Nick Payne’s hit play was inspired by elements of string theory (Marianne is a Theoretical Physicist) and ideas about colony collapse (Roland’s a beekeeper) and in it he attempts to explain how at any given moment several outcomes can exist simultaneously and at the more mundane personal level, how the progress of a life can create infinite possibilities which can turn on a split second decision (like I wasn’t going to go out that night I met my life partner) so, therefore, do we have free will or is everything pre-destined?
It’s 70 minutes long and has always been carefully cast with stars (Sally Hawkins and Rafe Spall in the West End premiere in 2012, followed by Jake Gyllenhaal and Ruth Wilson’s smash hit on Broadway) and I suspect this better explains its enduring international appeal than whether it gets the Quantum Mechanics exactly right. Like Yasmina Reza’s Art, it flatters us, but we get to dinner early. It’s a sugar rush of ideas delivered by rather attractive teachers.

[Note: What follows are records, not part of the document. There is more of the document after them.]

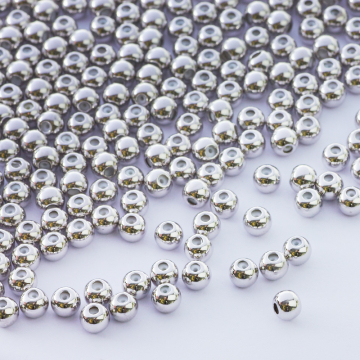 Zapięcie stoper z silikonem do cienkich sznureczków kulki srebrne 4mm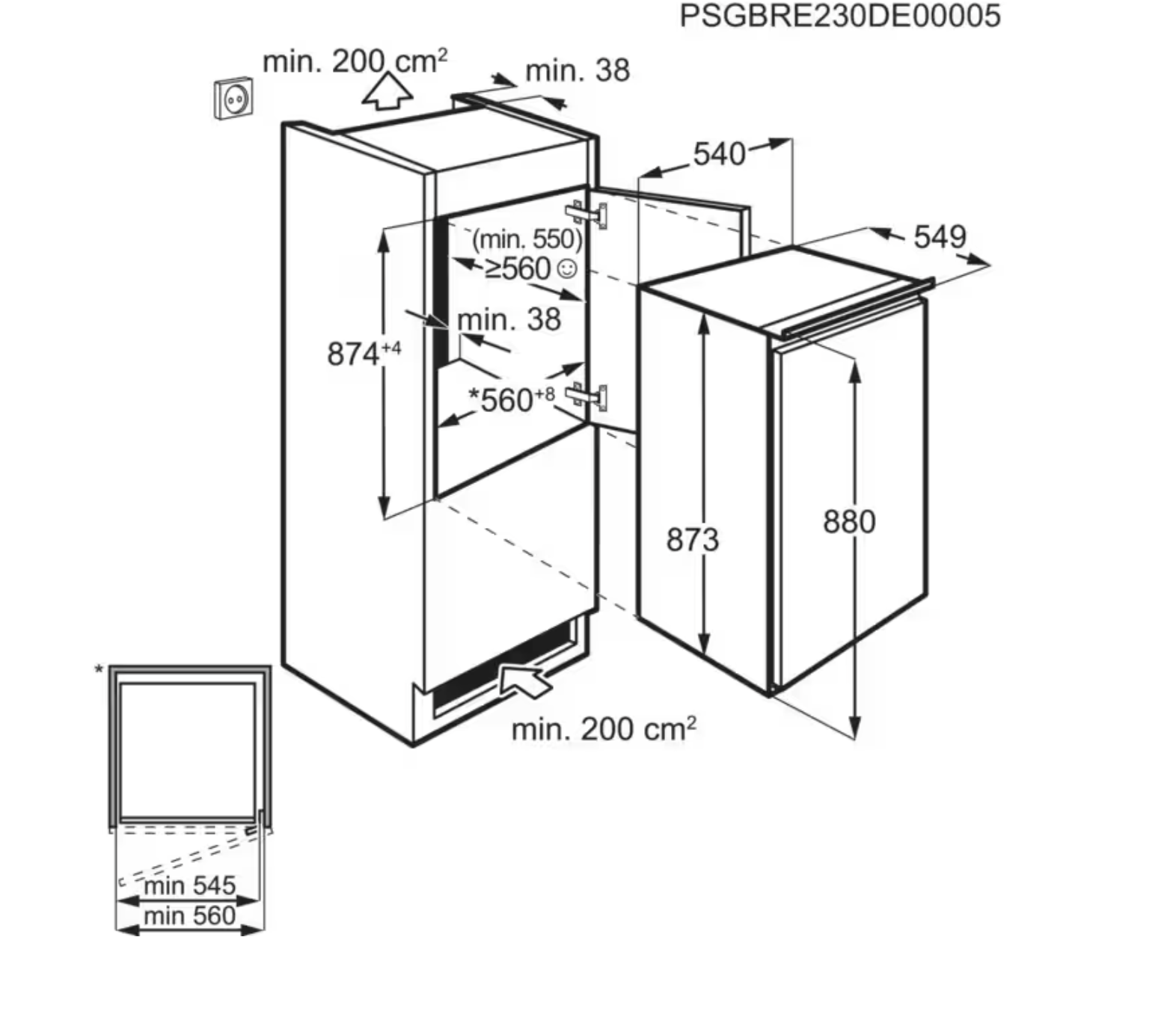 AEG TAB6L88ES 6000 inbouw vriezer - 88cm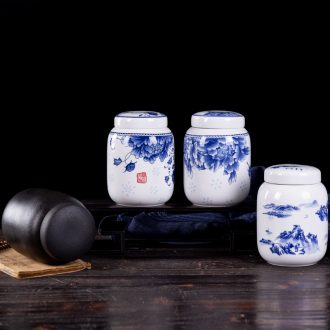 Blue and white porcelain, caddy mini seal pot jingdezhen tea accessories small portable tank tea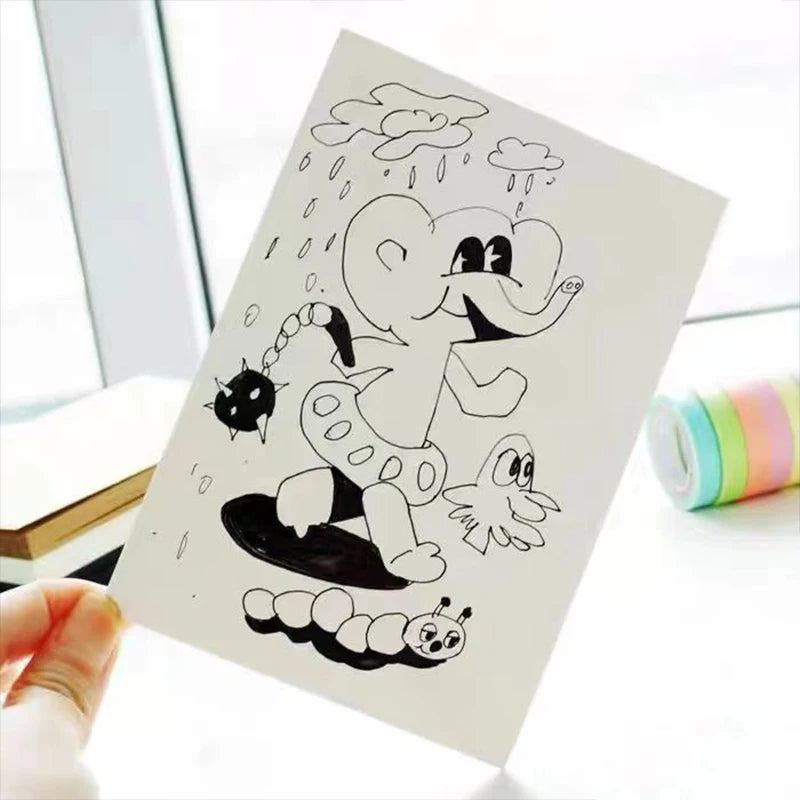 50/100/200pcs 14.8×9.8cm/5.8×3.8 in White Paper Card Paper, DIY Gift Packing Cardboard Paper Blank Postcard Hand-Drawn Doodles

This is a pet project for Michael Longhurst, who co-created the original at the Royal Court and is now the supremo of the Donmar Warehouse. Tom Scutt’s beautiful original design, a honeycomb parquet floor surrounded by a sea of white balloons is recreated here and is pure simplicity in action. However, in a clever move here, Longhurst has decided to explore how the play might fit with a pairing other than a white thirtysomething couple.
The play will rotate 4 different pairings during its run: a young black couple, Shelia Atim and Ivanno Jeremiah (various dates between 18 June - 1 August); a fortysomething couple, Anna Maxwell Martin and Chris O’Dowd (6 August - 12 September); an interracial gay couple, Russell Tovey and Omari Douglas (30 July-11 Sept) and here, an older couple, Wanamaker and Capaldi (23 June-24 July). Check the Donmar’s website for the exact dates for each cast https://www.donmarwarehouse.com/.
Each couple will obviously infuse the text in different ways, and it will be great to come back and compare, but one wonders if the central conceit hasn’t been stretched too far here. Wanamaker’s prickliness and Capaldi’s natural moroseness do jar with the baked-in romantic youthfulness of this piece. Both are veterans with great stage presence, but they often seem here as if one is watching a rehearsal where the emotional punches have yet to land.
Longhurst’s stripped back staging allows for a hectic pace, with a photoflash indicating the rapid scene (or universe!) changes. The challenge for the actors, with all this, is to sufficiently delineate the scenes that are same except for a minor element. In the rush clarity is sometimes sacrificed, as is the important need to get really under their skin, to get invested in them. For once you want a play to be longer and slow down.